Jazz South intern Sophie Wales tells us about her experience of the Fergus McCreadie Trio on Saturday 8 February.
As a University of Southampton student, I am incredibly lucky to have such a nationally renowned music venue right on my doorstep. Turner Sims hosts a variety of distinguished musicians with over 70 concerts programmed a year. On Saturday, the Fergus McCreadie Trio was one of these.
The Scottish group, made up of Fergus McCreadie on piano, David Bowden on bass and Stephen Henderson on drums, has been critically acclaimed for its vibrant and new approach to jazz. The Scotsman summarised the Trio as ‘Erik Satie running on Islay Malt rather than Absinthe’; Jazzwise deemed them ‘Simply outstanding’; Tommy Smith describing ‘A virtuosic technique… high in emotional depth’; The Herald noting ‘Prodigious, cascading technique while communicating warmth of personality’. After seeing the Fergus McCreadie Trio live, I can wholeheartedly say that all of these comments hold true. It is therefore no surprise that the group have been awarded for their successes: their debut album Turas receiving ‘Album of the Year’ at the Parliamentary and Scottish Jazz Awards in 2019.
What was most outstanding about the music was both the technical ability of the players and the unique blend of jazz. Inspired by Scottish folk music, which features throughout McCreadie’s work, the Trio’s sound was completely distinguished from other music of its genre. As a pianist myself, I was absolutely in awe of Mcreadie’s talent, and that of all the musicians. Henderson is a phenomenal drummer, acknowledged by Jazzwise as ‘One to Watch’ in 2018. Bassist Bowden’s performance was second to none, and having achieved ‘Young Scottish Jazz Musician of the Year’ in 2017, I expected nothing less. The whole concert was totally inspiring: with all the players in their early 20s, they performed at a standard which many musicians would strive to achieve in their lifetime. You could also tell that they are a well-practiced band: their ability to improvise at such a high standard can only be attributed to years of experience and an exceptional connection with one another. The acoustics in Turner Sims accentuated the beautiful melodies and themes throughout the music; during moments of crescendo the sound resonated throughout the whole room, whilst instances of quiet and calm were perfectly harnessed.
The Trio played a mixture of pieces, some from their 2018 debut album Turas, which means ‘journey’ in Scottish Gaelic. The whole performance itself felt like a reflection of this. The audience was taken on a journey through the Scottish landscapes, climbing mountains in the piece Cairn, visiting a homely cottage in The Curlearn Mill, venturing towards the sea in The Old Harbour, and discovering a whiskey distillery in Ardbeg.
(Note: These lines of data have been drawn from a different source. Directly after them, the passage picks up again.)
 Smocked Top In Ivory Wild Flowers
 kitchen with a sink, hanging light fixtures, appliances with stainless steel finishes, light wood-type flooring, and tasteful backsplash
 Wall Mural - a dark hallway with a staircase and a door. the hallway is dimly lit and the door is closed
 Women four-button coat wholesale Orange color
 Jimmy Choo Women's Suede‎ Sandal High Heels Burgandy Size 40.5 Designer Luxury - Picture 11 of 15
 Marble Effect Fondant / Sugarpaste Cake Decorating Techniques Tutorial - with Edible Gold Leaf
The improvised nature of the performance also suited this theme ‘journey’ well; the audience appeared on the edge of their seats, unable to predict where the music would take them next.
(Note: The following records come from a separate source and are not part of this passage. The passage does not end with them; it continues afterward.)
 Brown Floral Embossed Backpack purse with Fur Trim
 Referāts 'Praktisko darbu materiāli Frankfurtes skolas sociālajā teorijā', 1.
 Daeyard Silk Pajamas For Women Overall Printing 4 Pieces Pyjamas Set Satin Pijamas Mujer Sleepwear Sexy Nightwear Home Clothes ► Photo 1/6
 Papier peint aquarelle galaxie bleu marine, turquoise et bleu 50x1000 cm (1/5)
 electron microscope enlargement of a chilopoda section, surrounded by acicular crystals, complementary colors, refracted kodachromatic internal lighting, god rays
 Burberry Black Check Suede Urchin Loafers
One of my favourite pieces during the performance (although they were all extraordinary in their own right) was The Old Harbour, which began with a soft solo piano. The music was mesmerising; everything else in the room was so silent you could have heard a pin drop. The piece featured some beautiful chord progressions which were simplistic in terms of their make-up, creating a sense of grounding and home. Elements of Scottish folk were mixed into this, conjuring up an image of the abandoned harbour in Anstruther, which McCreadie later named his composition after. Yet despite this simplistic chord progression, the pianist describes the piece to be quite complex; feeling like it’s in four but actually notated in six. The Curlearn Mill was also spectacular, featuring a Scottish jig theme which returned at various points during the piece. Ardbeg was equally captivating, centred around a repeated base note line which continued throughout. Following his tradition of writing and finding an appropriate name later, the composition was titled after the Trio performed the composition in the Ardbeg Distillery at the Islay Jazz Festival Gig.
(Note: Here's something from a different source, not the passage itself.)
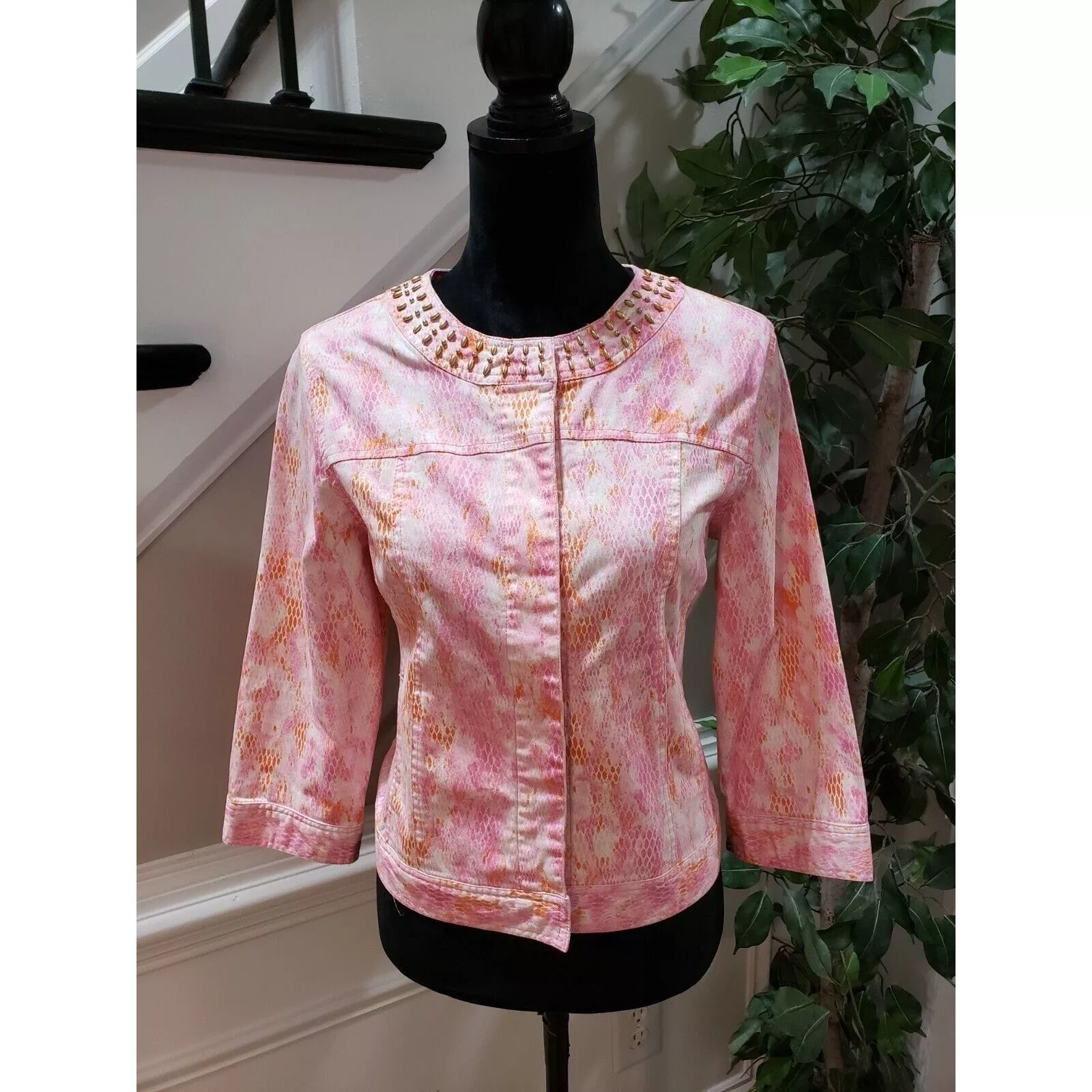 Other Jackets Other Lara Lane Snake Cotton Long Sleeve Snap Front Jacket Size 8 Pink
We were also treated to some new works, the concert opening with Cairn, which McCreadie described as climbing a mountain. The piece follows the struggle of the ascent, and the final push before reaching an astonishing view at the summit. Out of the whole concert, the most breath-taking and simultaneously invigorating composition was An Old Friend. This featured a sweeping returning theme reminiscent of bagpipes, that kept swelling and growing throughout the piece, climaxing in several virtuosic sections. The whole audience seemed completely dumbfounded by both the piece itself and the musical ability of the Trio, clapping throughout, particularly during the fast-paced and exhilarating parts. This was contrasted by more humble, almost hesitant moments including an instant where the combination of the piano melody, underlying bass notes and drum cymbals almost sounded (and felt) like a gust of wind had swept across the room.
I left the concert feeling so inspired and elated; I just did not want it to end. So, as you can imagine, the encore was greatly appreciated. I would highly recommend catching the Fergus McCreadie Trio live if you get the opportunity, or listening to their album Turas.